Do they have any rule that says you need a minimum number of users on a site to fall under the law?
If servers of someinstance.co.au fine if they move to hosting in Finland?
It just feels like a nightmare.
Do they have any rule that says you need a minimum number of users on a site to fall under the law?
If servers of someinstance.co.au fine if they move to hosting in Finland?
It just feels like a nightmare.
So it looks as if you’ve added ‘this but on the internet’ afterward, is that correct?
Taking that away, no, because my point with using an online store was that some interaction is done in Australia, as is the case with social media sites overseas that Australians interact on, in Australia. Replace online store for ‘mailed catalogue’.

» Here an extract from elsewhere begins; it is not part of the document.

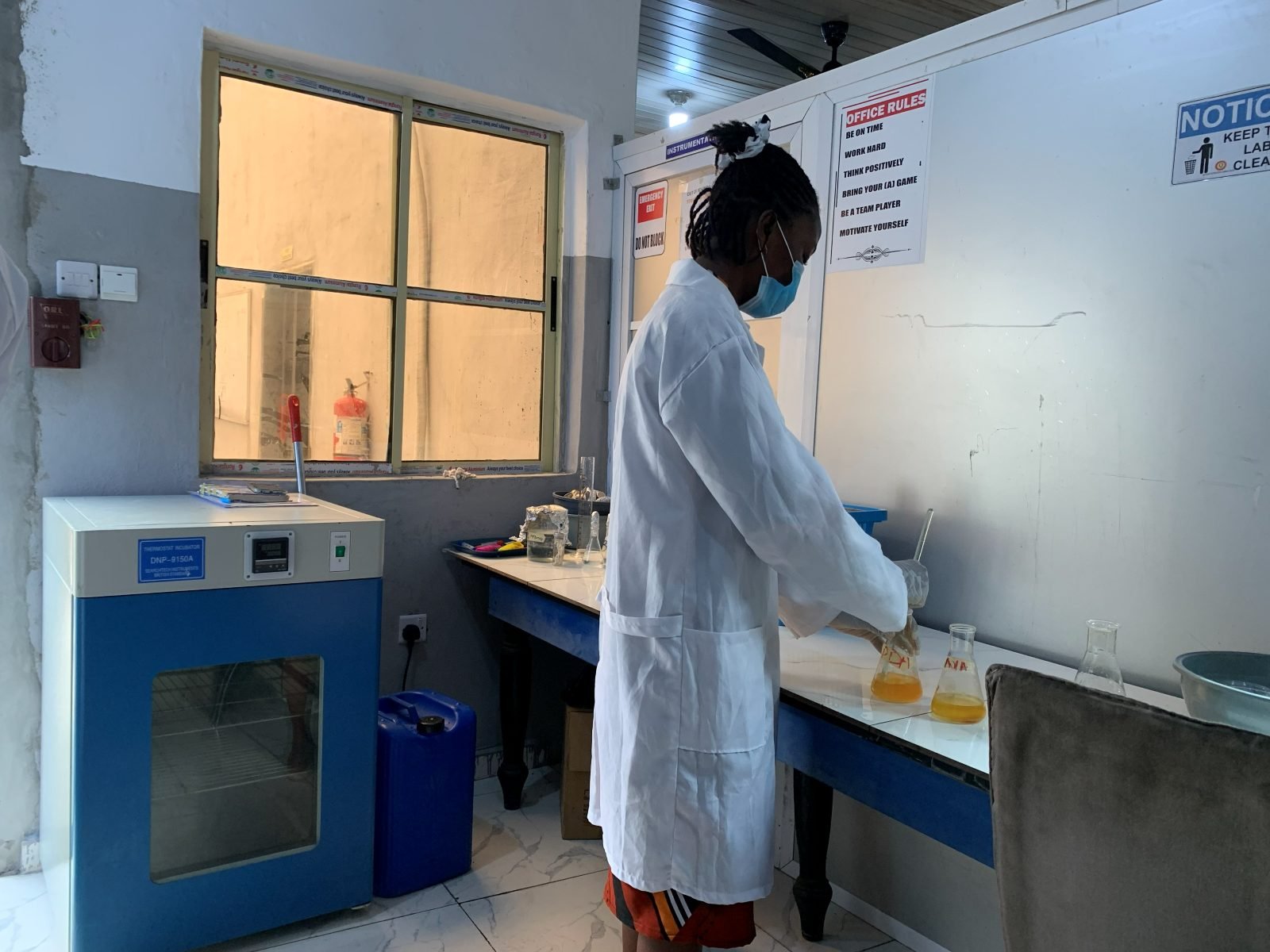 Analyst preparing samples at the laboratory bench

Yeah but the interaction that is done in Australia is not part of the business chain. The catalogue was not mailed by my store. Someone else (an ISP, in this exercise) took it from an available stand in Italy and imported it (on their own) to Australia. (The closest I can think of to the material representation of “mailed catalogue” in this exercise is if I intentionally uploaded a copy of my .it website to an .au hosting)
For another analogy: if I were to post an Italian job offer in Italy, not only I am not subject to Malaysian (or Australian) labour law, but a third party in Malaysia reproducing the job offer there does not change that fact either. It’s their copy, and act-of-copy, of the job offer that is subject to Malaysian law, at best. And this should hold true regardless of the nature of the message: mere emission of the message can not be constituted as consecration of a legal responsibility towards any potential listener. If that was the case, it would be impossible to make any political, religious or scientific speech lawfully, as surely a law is being broken sometime, somewhere and a message can by its nature outlast the act of emission.
Then it’s not subject to our laws, which is why an Australian walking up to an Italian vendor in Italy is a bad analogy…no interaction is done in Australia. It doesn’t matter if it’s an Australian buying something in Italy, our laws don’t apply to your original analogy.
As for your last paragraph I agree and that’s probably one area where it will fail.